Se la giocano Napoli e Juve? Sembra proprio di sì. Un commento sulla 2a giornata di ritorno di Serie A

Napoli's Slovak forward Marek Hamsik (2ndR) celebrates with teammates after scoring during the Italian Serie A football match SSC Napoli vs Torino FC on January 6, 2016 at the San Paolo stadium in Naples. AFP PHOTO / CARLO HERMANN / AFP / CARLO HERMANN        (Photo credit should read CARLO HERMANN/AFP/Getty Images)
Napoli's Slovak forward Marek Hamsik (2ndR) celebrates with teammates after scoring during the Italian Serie A football match SSC Napoli vs Torino FC on January 6, 2016 at the San Paolo stadium in Naples. AFP PHOTO / CARLO HERMANN / AFP / CARLO HERMANN (Photo credit should read CARLO HERMANN/AFP/Getty Images)

Il Napoli sta facendo vedere il calcio migliore, ma chi fermerà questa Juventus? Potrebbe essere questo il responso più importante dai campi della seconda giornata di ritorno. Entrambe le squadre danno infatti l’idea di avere una marcia in più delle altre.
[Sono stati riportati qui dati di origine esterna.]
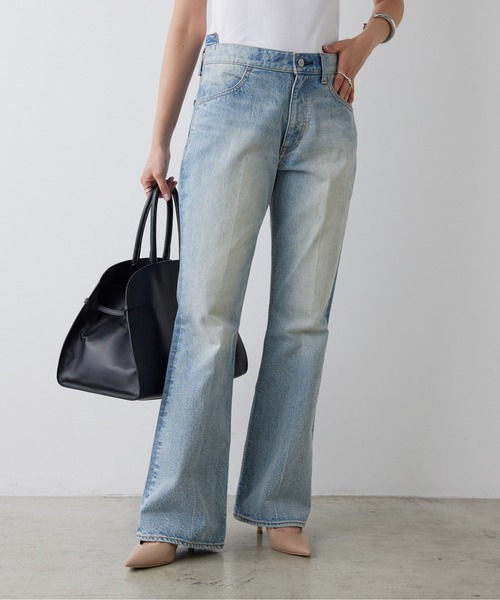 GALLARDAGALANTE（ガリャルダガランテ）の「【PEAS】リメイクフレアデニム（デニムパンツ・レディース・ブルー・1/0）」の14枚目の写真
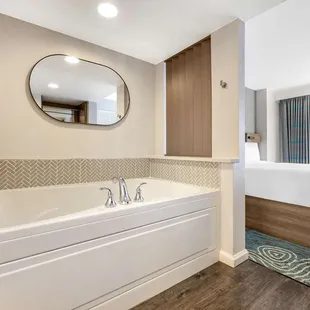 Guest room bath
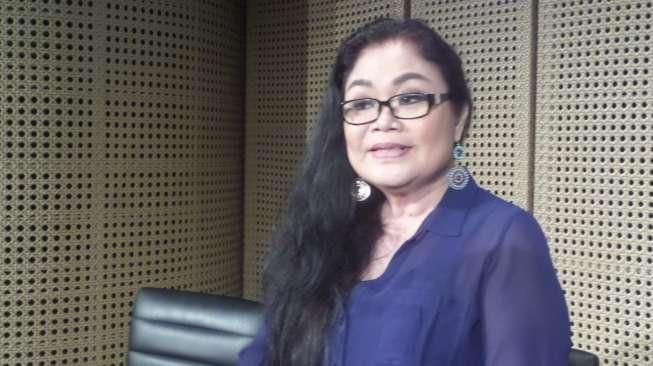 Ermy Kullit Latihan Dalam Kulkas demi Jazz Gunung Bromo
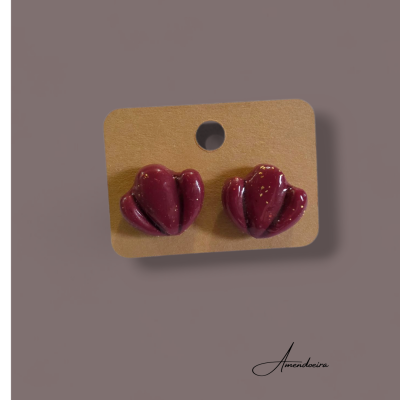 Brincos em forma de flor vinho com pontos dourados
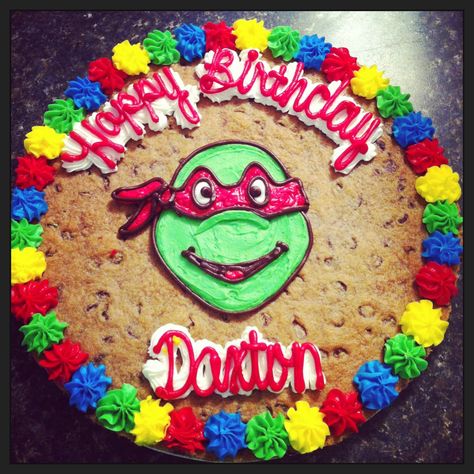 TMNT Cookie Cake For The Birthday Boy! I LOVE these! W a big side cup of frosting!!! yum <3 Birthday Cookie Cakes, Tmnt Cookies, Ninja Turtle Cookies, Giant Cookie Cake, Bolo Paris, Tmnt Party Ideas, Kids Birthday Cupcakes, Tmnt Cake, Rodjendanske Torte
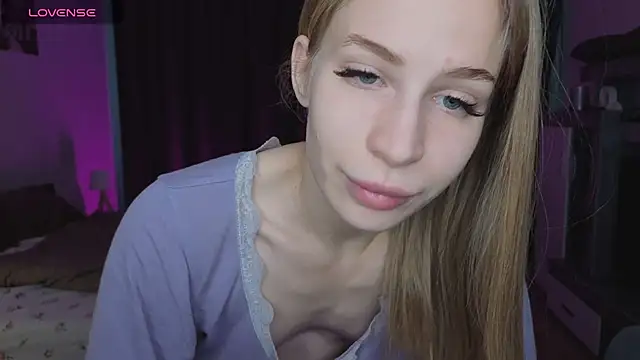 Snapshot of Elis_Fox chatting on April 2026 10:58:01 AM Elis Fox online show from April 2026 10:58:01 AM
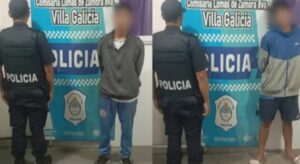 Lee más sobre el artículo Banfield: Detienen a dos motochorros armados tras una persecución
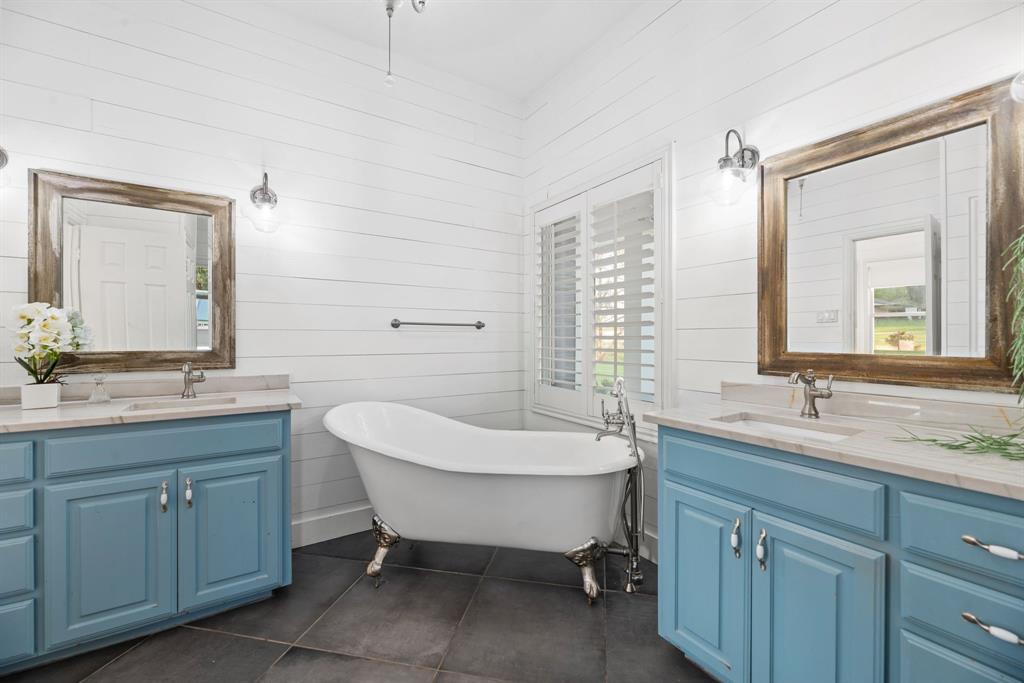 Aly Cat Add - Residential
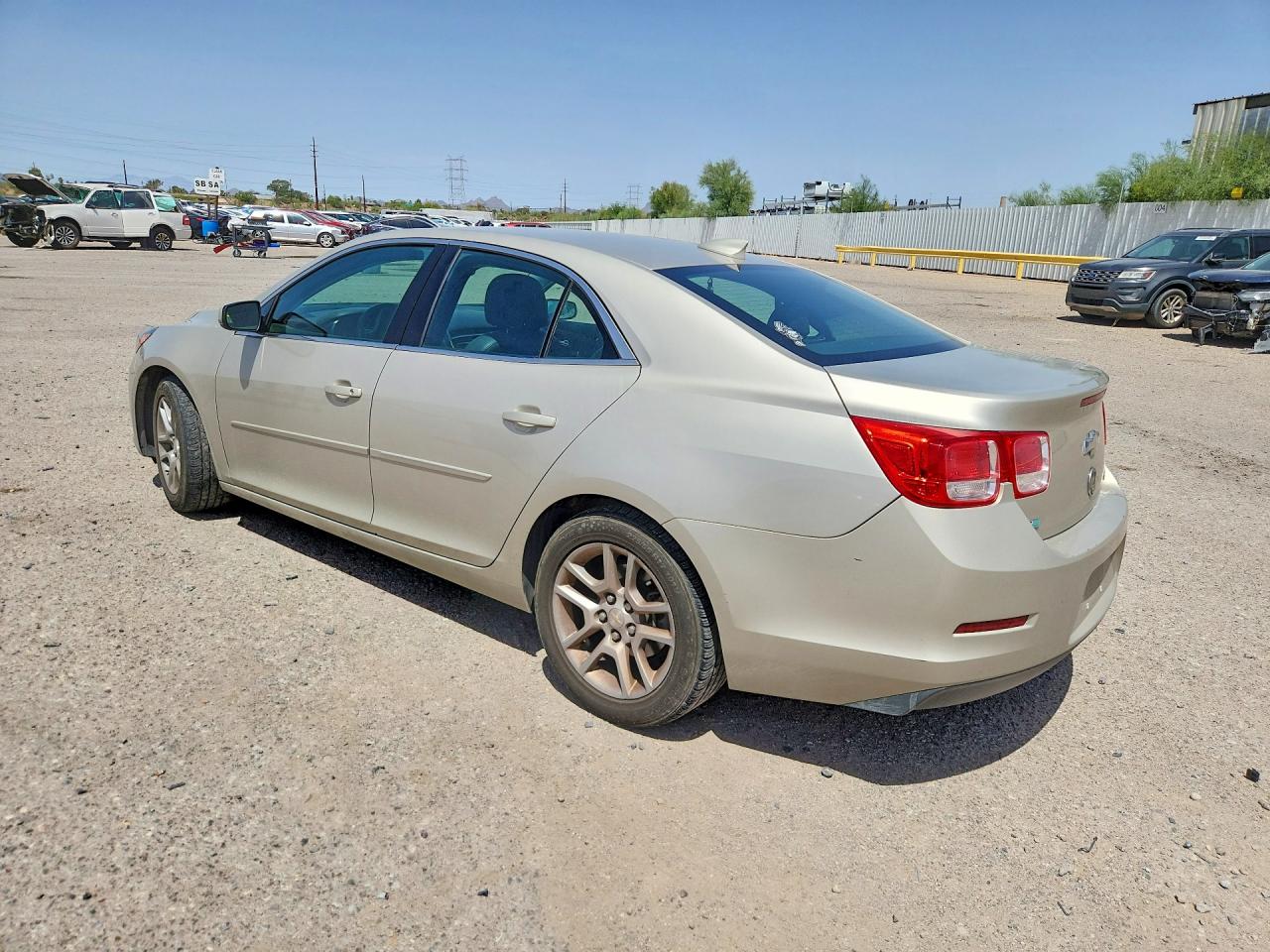 2015 CHEVROLET MALIBU 1LT — снимка 2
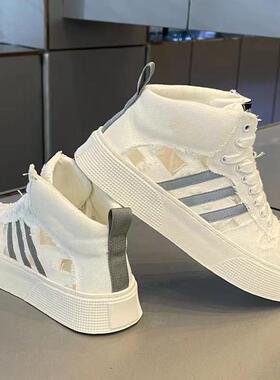 破洞三道杠高帮男鞋2025年春季布面透气快手视频同款时尚休闲板鞋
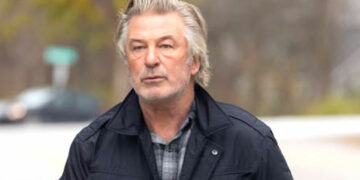 Alec Baldwin fue oficialmente acusado por homicidio involuntario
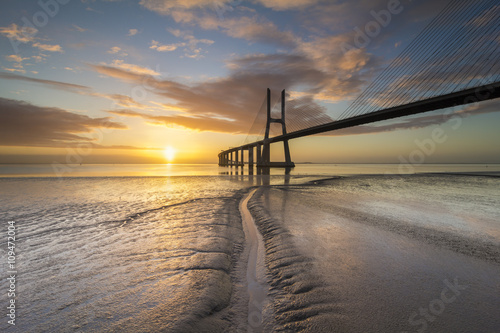 Ponte Vasco da Gama ao Nascer do Sol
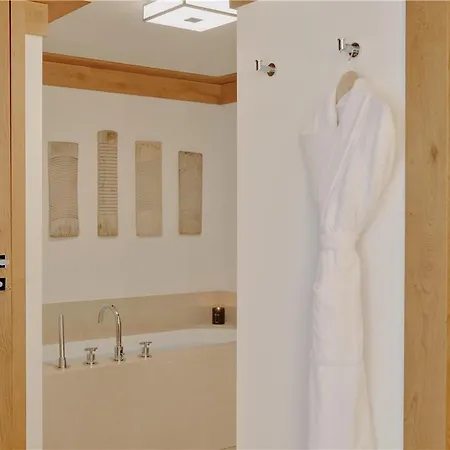 Hotel Aman Le Melezin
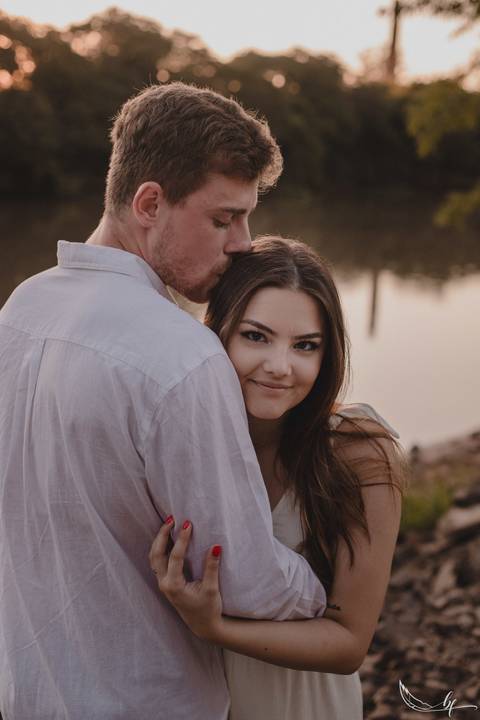 Maquiagem; Making of; Noiva; Noivo; Pré Wedding; Street Wedding; Celina Munhoz; Adriana Kruger; Manu Garcia; Camarim Madri; Wandering Wedding; São Francisco de Paula; Fotografia de Casal; Fotografia de Casamento; Pré Wedding; São Leopoldo; Belo Horizonte;'
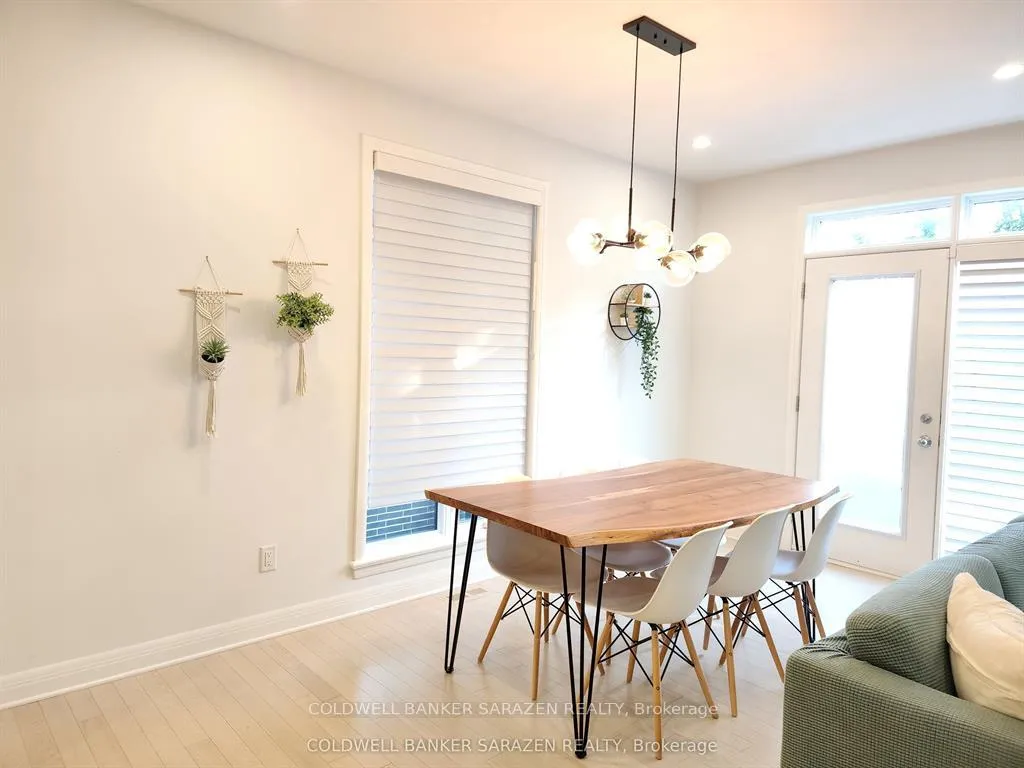 Photo 9 of 22 Stanhope Court, Ottawa, Barrhaven - Stonebridge — HOMEH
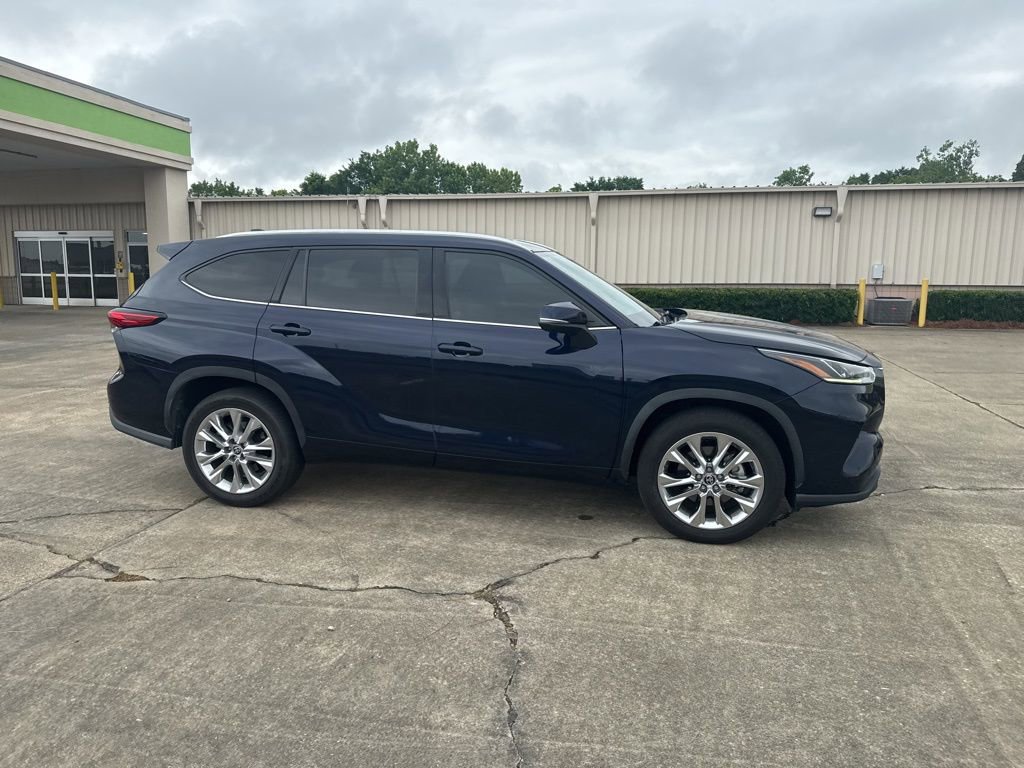 Used 2021 Toyota Highlander Limited FWD image 11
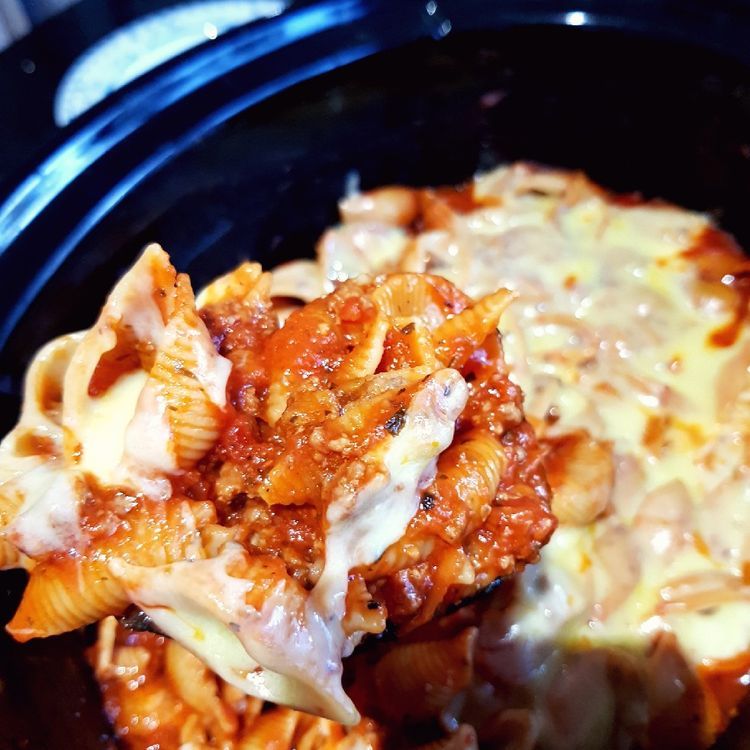 SLOW COOKER CHEESY BAKED ZITI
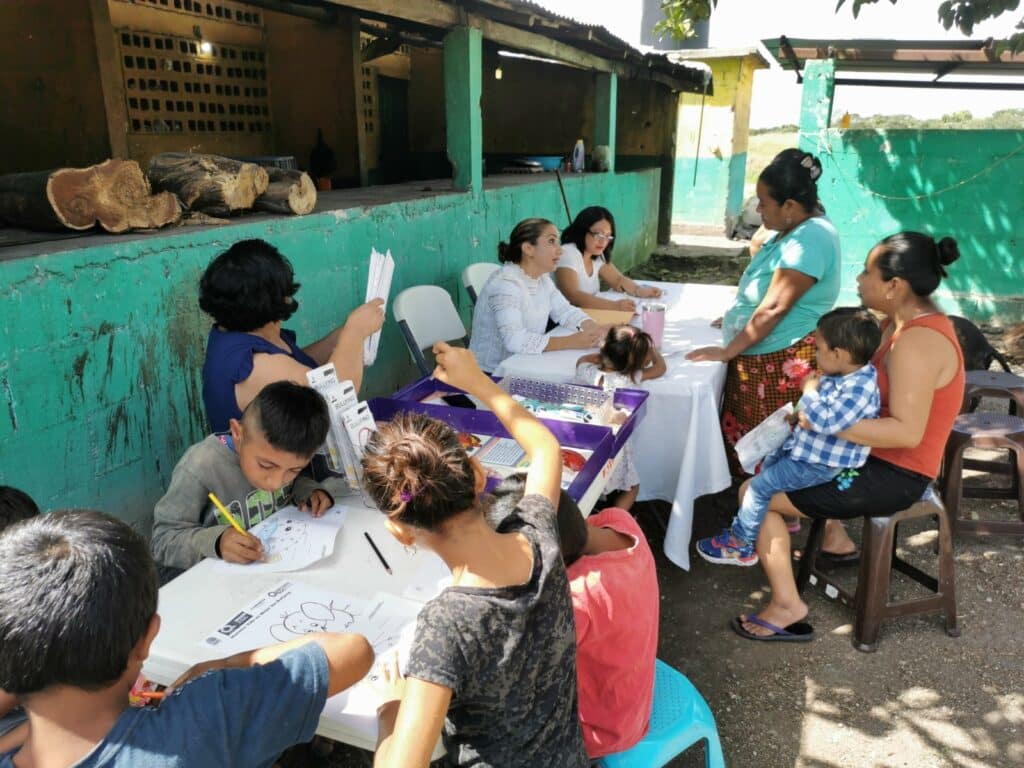 Encabeza Sipinna jornada de servicios en la zona cañera de Quintana Roo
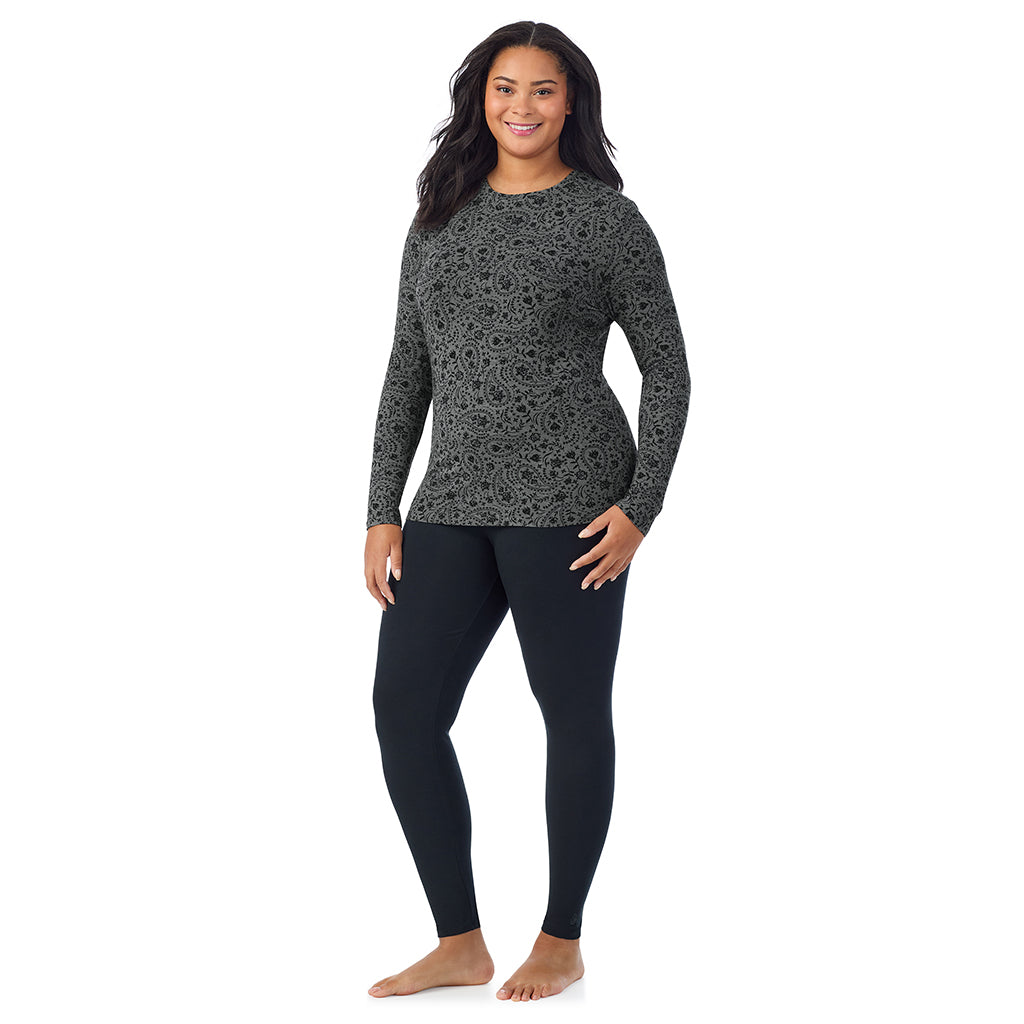 Charcoal Paisley; Model is wearing size 1X. She is 5'11", Bust 36", Waist 36.5", Hips 47.5".@A lady wearing a charcoal paisley long sleeve crew plus.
NAPOLI-JUVE, SI PROSPETTA UN TESTA A TESTA – Dopo l’eliminazione in Coppa Italia ed i veleni della lite Sarri-Mancini, i partenopei hanno dato subito un segnale di grande forza. Protagonista il solito Higuain (21 centri in 21 partite con un solo rigore) ma le punte di diamante hanno segnato tutte, tenendo a bada la rimonta della Sampdoria. Dal canto suo, la Juve ha domato una Roma evanescente in attacco ma comunque ostica: ormai i successi consecutivi sono dodici (undici in campionato più quello con la Lazio in Coppa Italia). Come si diceva nel titolo, i ragazzi di Sarri hanno fatto vedere le cose migliori; quelli di Allegri però hanno dalla loro la solidità, l’esperienza e una rosa che sembrava più debole dell’anno scorso e invece si sta rivelando altrettanto attrezzata, a parte il Dybala in forma stellare.

dybala gol

INTER E MILAN ARRANCANO, LA FIORENTINA RITORNA – Tra chi esce in calo dalla giornata non può mancare l’Inter. I nerazzurri venivano dal successo corsaro a Napoli, ma ancora una volta hanno faticato e pagato dazio con un Carpi sicuramente volenteroso ma decisamente alla loro portata. Il risultato di San Siro lascia l’impressione di una squadra che non è ancora pronta a lottare davvero per lo scudetto. La stessa impressione la dà la Fiorentina; i viola però offrono sensazioni decisamente migliori. Il Toro di ieri era davvero poca cosa, ma i ragazzi di Paulo Sousa mostrano un’intesa ed un’incisività ritrovata attorno ad Ilicic. Riguardo al Milan, due volte in vantaggio ad Empoli, due volti raggiunti, con una difesa perforabile ed un Balotelli fuori forma e nervoso. Troppo poco per ambire a qualcosa di più dell’Europa League.

kl inter

CHI BENE E CHI MALE: ALTRE IMPRESSIONI SULLA GIORNATA – Buona prova della Lazio, che si prende un bello spavento con il Chievo ma trova la forza di reagire, vince di goleada e si ripropone nella zona della classifica che conta. Bel segnale anche da parte del Palermo: con il nuovo tecnico Schelotto arrivano quattro reti al malcapitato Udinese. Continua male invece il Verona, che prova ancora a vincere ma mostra ancora suoi limiti, trovando solo il decimo pareggio; come se non bastasse c’è l’infortunio di Toni, ed il ritorno al gol di Pazzini è una ben magra consolazione. Nota di merito infine a Carpi e Frosinone: le due neopromosse pareggiano con Inter e Atalanta, restano terzultima e penultima, forse non si salveranno ma stanno davvero dando tutto.